User-defined Functions#

Although Swordfish provides a rich set of built-in functions, complex data analysis scenarios often require users to call user-defined functions to meet specific needs. Swordfish supports converting native Python functions into Swordfish UDF objects via decorators, and it also allows direct use of Python lambda expressions.

Callback Mode: Compatible with Native Python Environment#

In complex data analysis scenarios, users may want to directly call existing Python functions within Swordfish higher-order functions to perform sophisticated computations. Swordfish allows converting a Python function into a Swordfish UDF object using the decorator @F.swordfish_udf().
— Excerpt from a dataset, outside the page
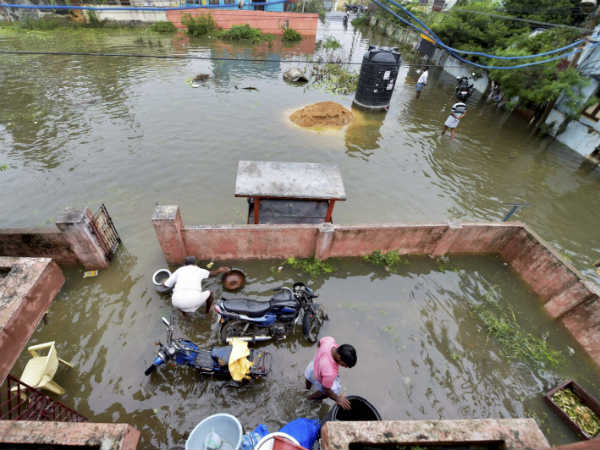 నాలుగు అడుగుల నీరు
For example, users can convert a user-defined function calCumVol into a Swordfish function object using the decorator. This allows calCumVol to be passed as a parameter to F.accumulate to compute the cumulative volume. In this case, the function operates in callback mode: Swordfish preserves the Python function object without translating it, so execution still relies on the Python environment. If the function requires third-party Python libraries or other global variables during execution, it is recommended to use callback mode.
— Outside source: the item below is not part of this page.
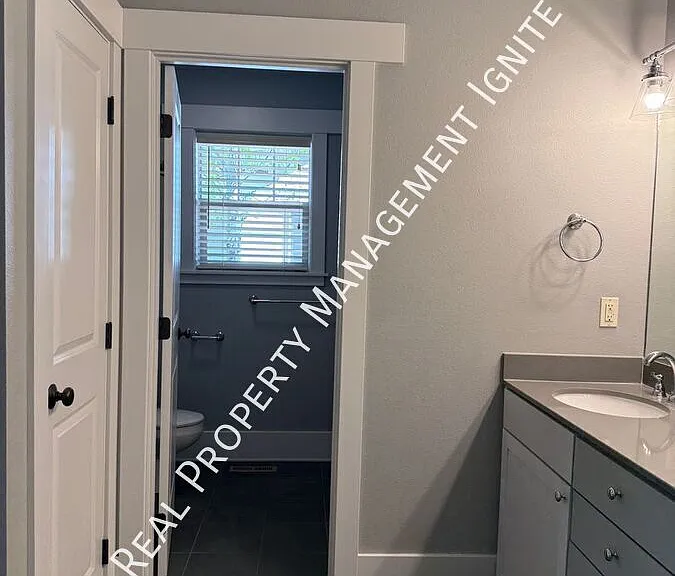 2955 NW Bordeaux Ln — Photo 8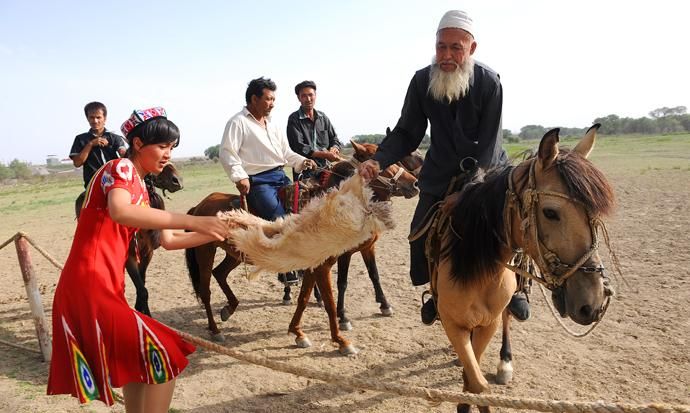 维吾尔族的叼羊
# Translate a Python function into a Swordfish function and invoke it via a higher-order function
@F.swordfish_udf()
def caclCumVol(target, preResult):
    x = 1500000
    result = preResult + x
    if result - target> target - preResult:
        return x
    else:
        return result
# Numeric sequence
volume = np.array([288658, 234804, 182714, 371986, 265882, 174778, 153657, 201388])
F.accumulate(caclCumVol, volume)

%timeit F.accumulate(caclCumVol, volume)
# 97.1 μs ± 3.62 μs per loop (mean ± std. dev. of 7 runs, 10,000 loops each)
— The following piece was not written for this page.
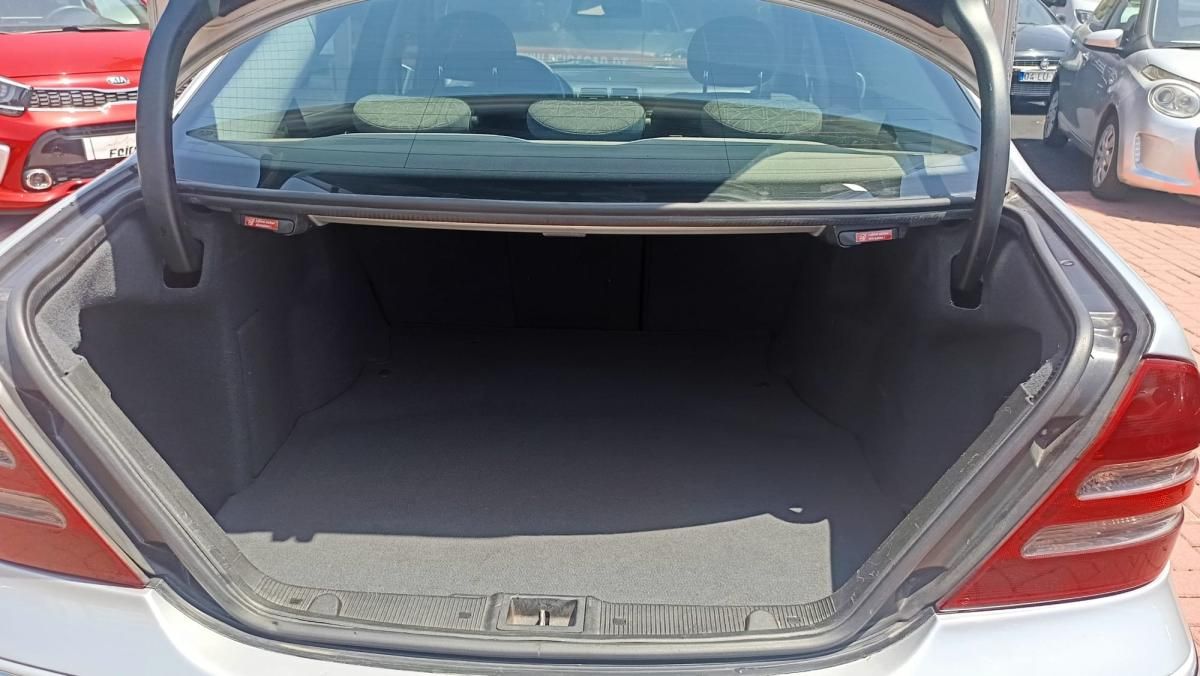 mercedes-benz-classe-c-2002-diesel-2148cc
High-Performance Execution of User-defined Functions#

In addition, users can execute user-defined functions in translation mode by applying the decorator @F.swordfish_udf(mode="translate").

For example, when the mode parameter is set to translate, the user-defined function calcCumVol is converted into a built-in Swordfish function, resulting in nearly twice the execution efficiency. Therefore, for performance-critical scenarios, it is recommended to execute user-defined functions in translation mode.

# Translate Python functions into Swordfish functions and invoke them via higher-order functions
@F.swordfish_udf(mode="translate")
def caclCumVol(target, preResult):
    x = 1500000
    result = preResult + x
    if result - target> target - preResult:
        return x
    else:
        return result

volume = np.array([288658, 234804, 182714, 371986, 265882, 174778, 153657, 201388])

%timeit F.accumulate(caclCumVol, volume)
# 32.5 μs ± 141 ns per loop (mean ± std. dev. of 7 runs, 10,000 loops each)

Building Aggregate Functions#

In data analysis scenarios, built-in aggregate functions (such as sum and avg) are often insufficient for complex business needs. For instance, in financial analysis, it is common to calculate the geometric mean (which reflects the compound growth rate). Example data is shown below.

n = 1000
date = pd.date_range('2023-01-01', periods=n, freq='D')
sym = np.random.choice(['AAPL', 'MSFT', 'GOOG'], n)
value = F.rand(100.0, n)
tb = pd.DataFrame({'date': date,'sym': sym, 'value': value})

Swordfish allows users to define user-defined aggregate functions by applying the decorator @F.swordfish_udf(is_aggregate=True). Users only need to specify the computation logic (e.g., taking the exponential of the mean of logarithms), and the function can then be called directly in SQL queries. It can be used together with GROUP BY or CONTEXT BY for grouped statistics.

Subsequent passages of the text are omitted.